I think basically luck is the answer.  If you ask the compiler to saw
its own head off it may occasionally make a neat job of it, but don't
bet on that happening every time...

> 
> Is the use of a naked "bounce function" for this specific purpose
> (switch the stackpointer) acceptable, and guaranteed to create the
> correct code ?
> 
> 
> It'd be nice not having to dump this piece into assembly...

Using out-of-line assembler avoids the ABI issues, and is often
more readable IMHO.

On Wed, May 18, 2011 at 06:50:07PM +0200, Mikael Pettersson wrote:
[...]
> Just write the stack switching fragment in proper assembly, and
> keep both sides of it in normal C.  End of problem.

Indeed, though there is only a little section of C, in the middle
of some assembler which is not implementable in C.  

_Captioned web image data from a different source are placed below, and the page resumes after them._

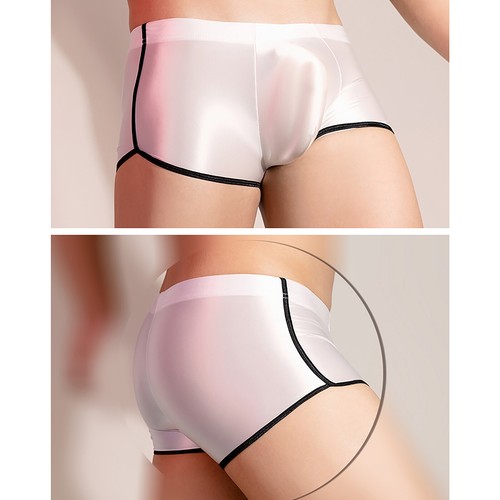 Herren Höschen Sissy Boxershorts glatt Shorts öl glänzend Unterwäsche Bademode sexy - Bild 23 von 69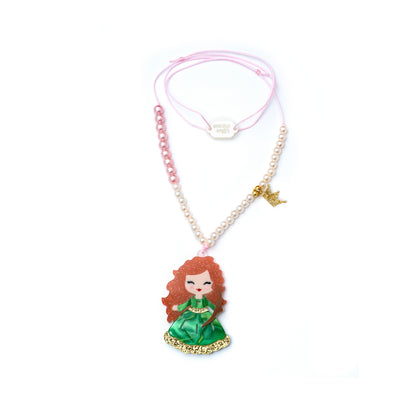 Cute Doll Green Dress Necklace -  Lilies & Roses NY
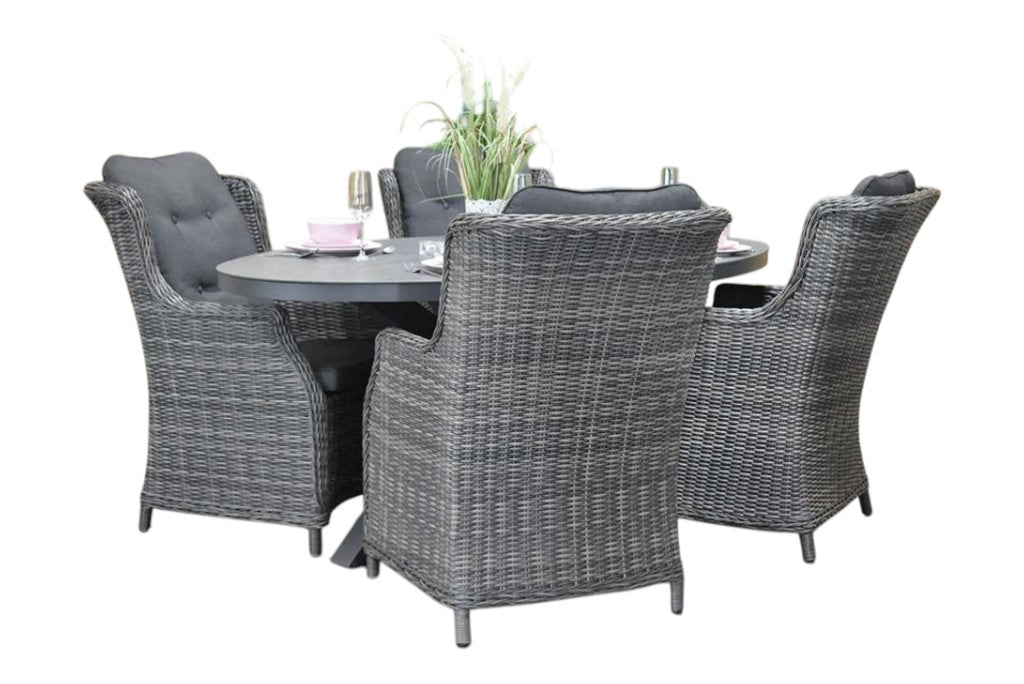 Akron-Darwin Tuinset 4 Personen - Keramisch blad / Kobo Grey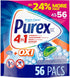Purex 4-in-1 + OXI Laundry Detergent Pacs, Fresh Morning Burst, 56 Count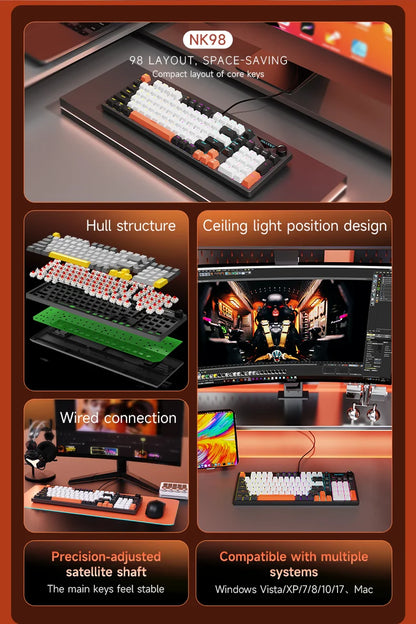 AJAZZ NK98 Wired Mechanical Keyboard: Full-Key Hot-Swap, 98-Key Layout for Precise Performance; Wired, Stable Control, Multi-System Compatibility; Windows Vista/XP/7/8/10/17, Mac: Wired connection for stable control and low latency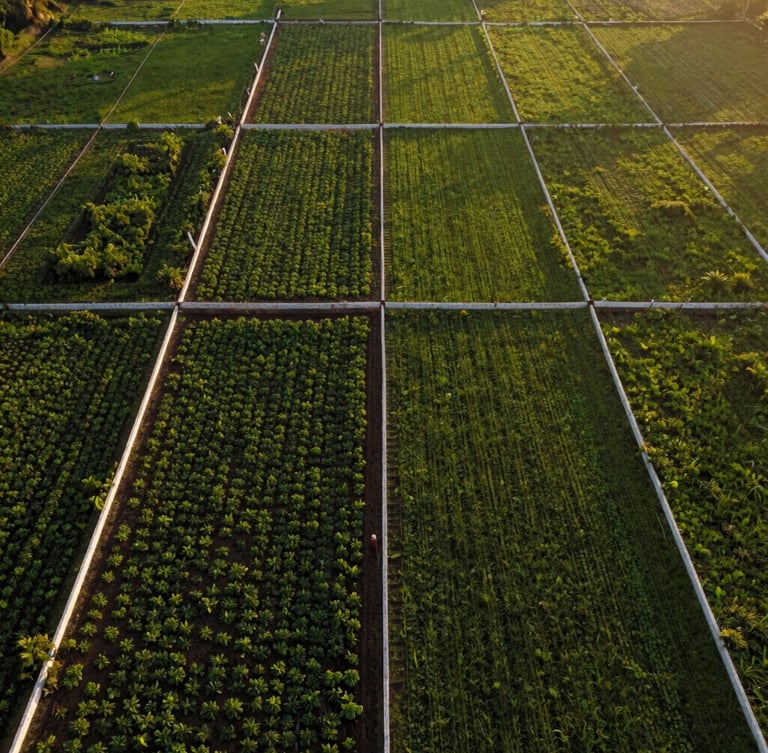 Low-altitude golden hour drone view of a lush South Indian farmland plot, perfectly demarcated with crisp white boundary markers, deep green soil, expansive negative space on the right.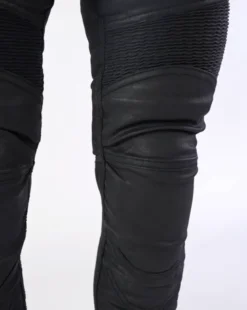 Jeansy motocyklowe damskie OZONE ROXY LADY WAXED BLACK czarny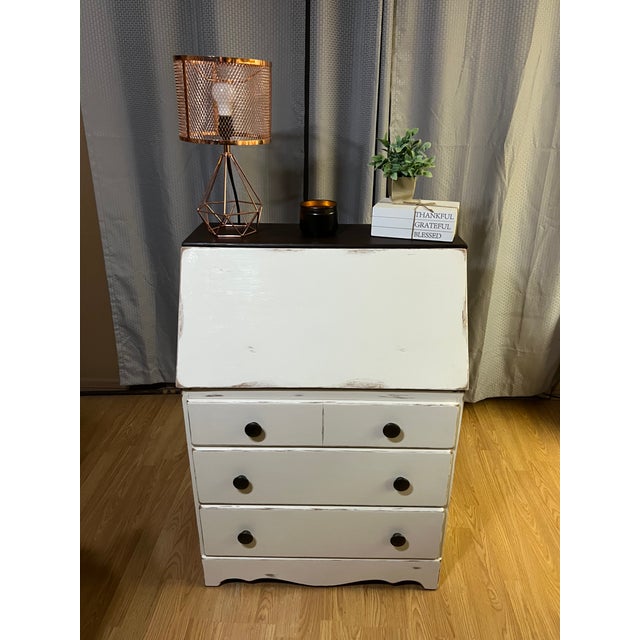 Mid-20th Century Refinished Drop-Front Secretary Desk For Sale - Image 9 of 10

Maybe something like this:


ENTRY(swsusp_arch_resume)
	ldr	sp, resume_sp
	bl	__swsusp_arch_resume_copy_pages
	/* the rest of your code code goes here ... */

.align 2
resume_sp: .long swsusp_resume_stack + PAGE_SIZE - 8
ENDPROC(swsusp_arch_resume)


Then in C:

asmlinkage void __swsusp_arch_resume_copy_pages(void)
{
 	struct pbe *pbe;

 	for (pbe = restore_pblist; pbe; pbe = pbe->next)
 		copy_page(pbe->orig_address, pbe->address);
}


There's now nothing for the compiler to get wrong...

Cheers
---Dave

^ permalink raw reply	[flat|nested] 8+ messages in thread

* Question on ARM inline assembly - stackframes, sp/fp usage, __naked
  2011-05-18 17:45 ` Dave Martin
@ 2011-05-19  8:46   ` Frank Hofmann
  2011-05-19  9:47     ` Dave Martin
  2011-05-19 11:08     ` Måns Rullgård
  0 siblings, 2 replies; 8+ messages in thread
From: Frank Hofmann @ 2011-05-19  8:46 UTC (permalink / raw)
  To: linux-arm-kernel



On Wed, 18 May 2011, Dave Martin wrote:

> On Wed, May 18, 2011 at 04:25:15PM +0100, Frank Hofmann wrote:
>> Hi,
>>
>>
>> with the work on the hibernation support code, I've managed to make
>> it all C-with-inline-asm. This happens to work fine on OMAP3, but
>> there's an issue when I build it for Samsung 64xx. It's about this
>> code:
>>
>>
>> int __naked swsusp_arch_resume(void)
>> {
>> 	register struct pbe *pbe;
>> 	register void *sp asm("sp") = swsusp_resume_stack + PAGE_SIZE - 8;
>
> (Why - 8?)

Sorry, my mistake, thought PUSH is post-decrement (empty descending). From 
that assumption and the 8-byte-alignment-at-call, the offset were 
necessary. You're right it's not needed.
Thanks for spotting.

>
>> 	register void *saved_ctx asm ("r0") = ctx;
>>
>> 	__asm__ __volatile__("" : "+sp"(sp));		/* don't optimize away ! */
>
> Is this an attempt to force gcc to change sp before the subsequent loop?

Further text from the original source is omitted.